__Problem requirements__
Locate the line bearing "Hello and welcome to the" in the material below, then reproduce it and each following line up to and including the line bearing "Assalamualaikum, this is".

==========

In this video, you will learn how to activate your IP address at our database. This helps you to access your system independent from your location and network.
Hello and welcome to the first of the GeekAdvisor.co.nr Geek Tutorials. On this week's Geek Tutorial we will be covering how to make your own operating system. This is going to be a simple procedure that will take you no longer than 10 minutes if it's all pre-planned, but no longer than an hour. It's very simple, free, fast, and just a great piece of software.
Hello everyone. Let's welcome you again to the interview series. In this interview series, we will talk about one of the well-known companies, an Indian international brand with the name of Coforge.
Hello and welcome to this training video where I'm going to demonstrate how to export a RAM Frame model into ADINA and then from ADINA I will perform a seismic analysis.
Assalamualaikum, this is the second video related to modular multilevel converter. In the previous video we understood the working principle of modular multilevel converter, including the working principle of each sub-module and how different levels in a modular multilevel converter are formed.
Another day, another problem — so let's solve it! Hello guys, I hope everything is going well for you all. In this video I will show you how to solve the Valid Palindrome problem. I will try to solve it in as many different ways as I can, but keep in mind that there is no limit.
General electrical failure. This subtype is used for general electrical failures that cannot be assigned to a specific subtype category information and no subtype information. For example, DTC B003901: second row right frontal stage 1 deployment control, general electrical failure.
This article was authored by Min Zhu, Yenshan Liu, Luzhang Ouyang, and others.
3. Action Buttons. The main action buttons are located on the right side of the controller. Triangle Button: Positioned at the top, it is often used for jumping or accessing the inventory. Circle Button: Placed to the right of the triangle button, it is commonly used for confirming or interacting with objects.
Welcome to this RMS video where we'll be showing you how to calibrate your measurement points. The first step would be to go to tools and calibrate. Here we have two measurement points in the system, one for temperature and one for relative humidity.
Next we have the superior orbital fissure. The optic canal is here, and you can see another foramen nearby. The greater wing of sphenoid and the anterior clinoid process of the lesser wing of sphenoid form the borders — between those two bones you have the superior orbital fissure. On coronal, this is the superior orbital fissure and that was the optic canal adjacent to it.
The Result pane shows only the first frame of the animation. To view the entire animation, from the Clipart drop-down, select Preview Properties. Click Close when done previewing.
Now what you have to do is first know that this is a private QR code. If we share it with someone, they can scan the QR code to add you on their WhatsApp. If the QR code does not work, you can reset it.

==========

__Written answer__
Hello and welcome to the first of the GeekAdvisor.co.nr Geek Tutorials. On this week's Geek Tutorial we will be covering how to make your own operating system. This is going to be a simple procedure that will take you no longer than 10 minutes if it's all pre-planned, but no longer than an hour. It's very simple, free, fast, and just a great piece of software.
Hello everyone. Let's welcome you again to the interview series. In this interview series, we will talk about one of the well-known companies, an Indian international brand with the name of Coforge.
Hello and welcome to this training video where I'm going to demonstrate how to export a RAM Frame model into ADINA and then from ADINA I will perform a seismic analysis.
Assalamualaikum, this is the second video related to modular multilevel converter. In the previous video we understood the working principle of modular multilevel converter, including the working principle of each sub-module and how different levels in a modular multilevel converter are formed.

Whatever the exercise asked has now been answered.